The Effect of Intravenous Mannitol Combined With Normal Saline in Preventing Cisplatin-Induced Nephrotoxicity: A Randomized, Double-Blind, Placebo-Controlled Trial.

PURPOSE: Nephrotoxicity is a major dose-limiting toxicity among patients with cancer who were treated with cisplatin. Although no standard approach is available to prevent cisplatin-induced nephrotoxicity, administering intravenous isotonic saline is recommended. Additionally, mannitol combined with hydration has been evaluated, but none of them have been established.

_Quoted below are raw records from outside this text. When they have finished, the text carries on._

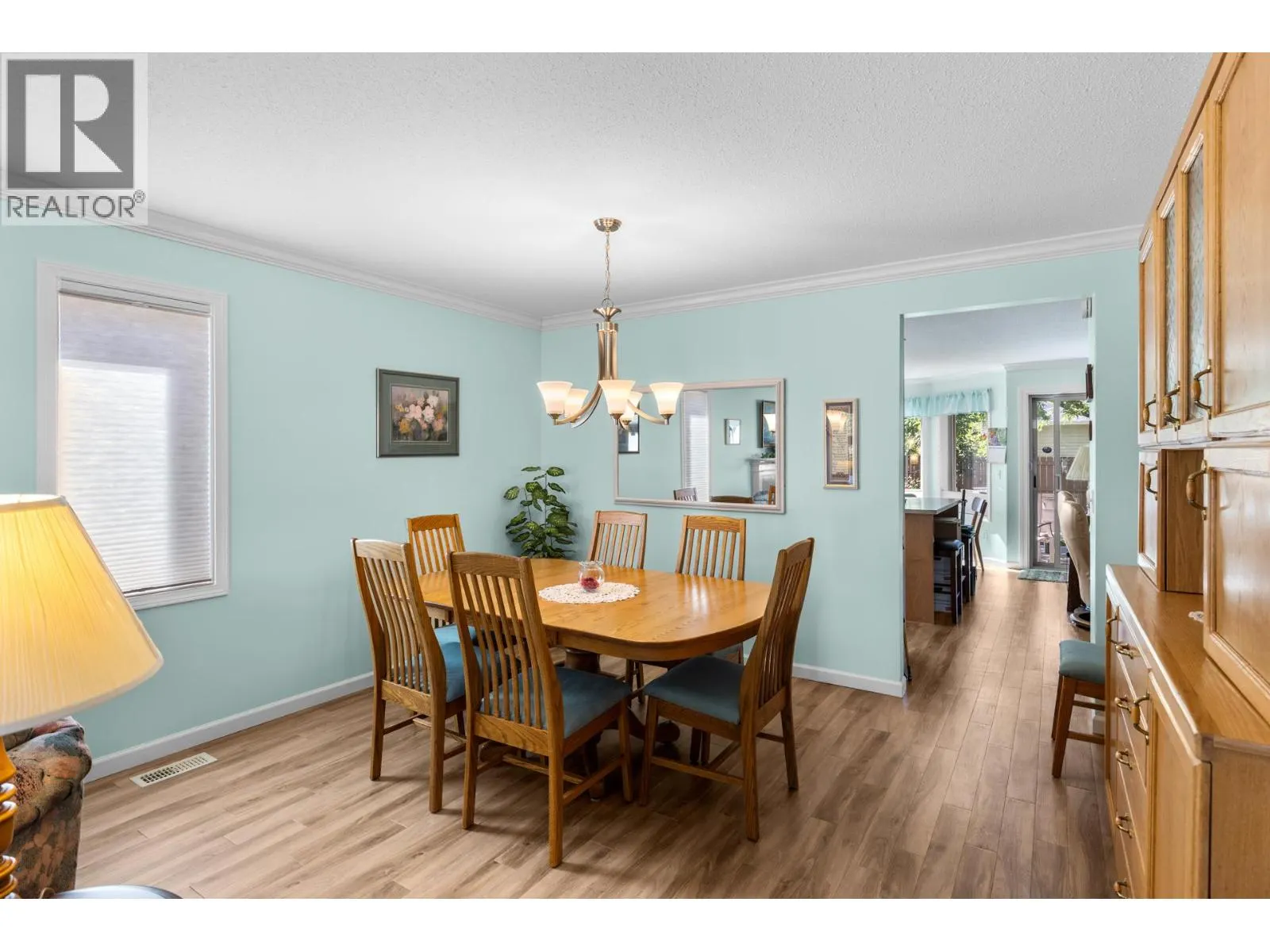 1201 Cameron Avenue Unit# 112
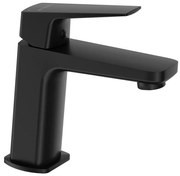 Deante BQL_N20M - BLUR mosdócsaptelep fekete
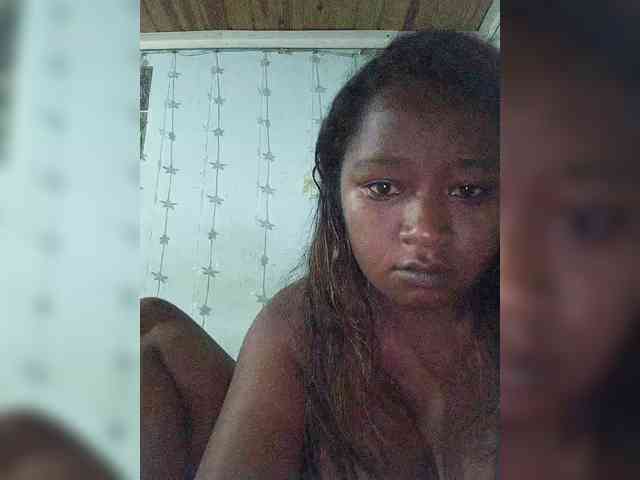 Noumimi webcam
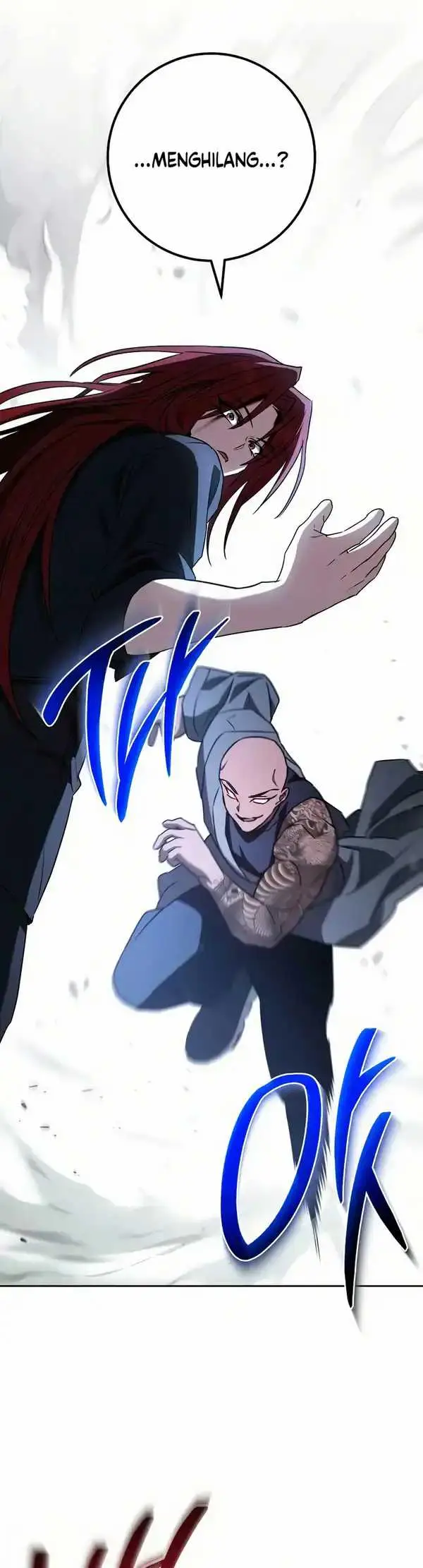 image-komik-the-top-rankers-aspiring-writer-life-manual-chapter-34-26/48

Our study aimed to determine the efficacy of mannitol combined hydration to prevent cisplatin-induced nephrotoxicity. PATIENTS AND METHODS: This study was a phase II, randomized, placebo-controlled design. All patients with solid cancers who were treated with cisplatin (n = 48) were randomly assigned to receive either placebo (n = 25) or 20 g of mannitol (n = 23) after completing 2 L of prehydration and receiving cisplatin. Serum creatinine, blood urea nitrogen, electrolyte, and glomerular filtration rate (GFR) were measured at baseline and days 2 and 7. Moreover, GFR was calculated based on the 24-hour urine creatinine clearance rate to assess renal function at baseline and 48 hours after receiving cisplatin. Severity of nausea and vomiting was evaluated using Common Terminology Criteria for Adverse Events. RESULTS: No difference was found regarding baseline characteristics between the two groups. Seven of 23 patients (37.4%) in the mannitol group and 10 of 25 patients (40%) in the placebo group increased serum creatinine level ≥ 0.3 mg/dL at 48 hours after intervention (P value = .48). Patients receiving mannitol exhibited significantly lower incidence of 24-hour urine GFR below 60 mL/min/1.73 m than those in the placebo group (13.6% v 48.0% in the placebo group; P value = .012). Univariate analysis showed the greatest benefit for administering mannitol among patients receiving cisplatin > 80 mg/m2, or patients receiving concomitant radiation. CONCLUSION: Mannitol combined with hydration significantly prevented cisplatin-induced nephrotoxicity. Additionally, mannitol should be particularly considered among patients with cancer, treated with cisplatin > 80 mg/m2, or patients receiving concomitant radiation.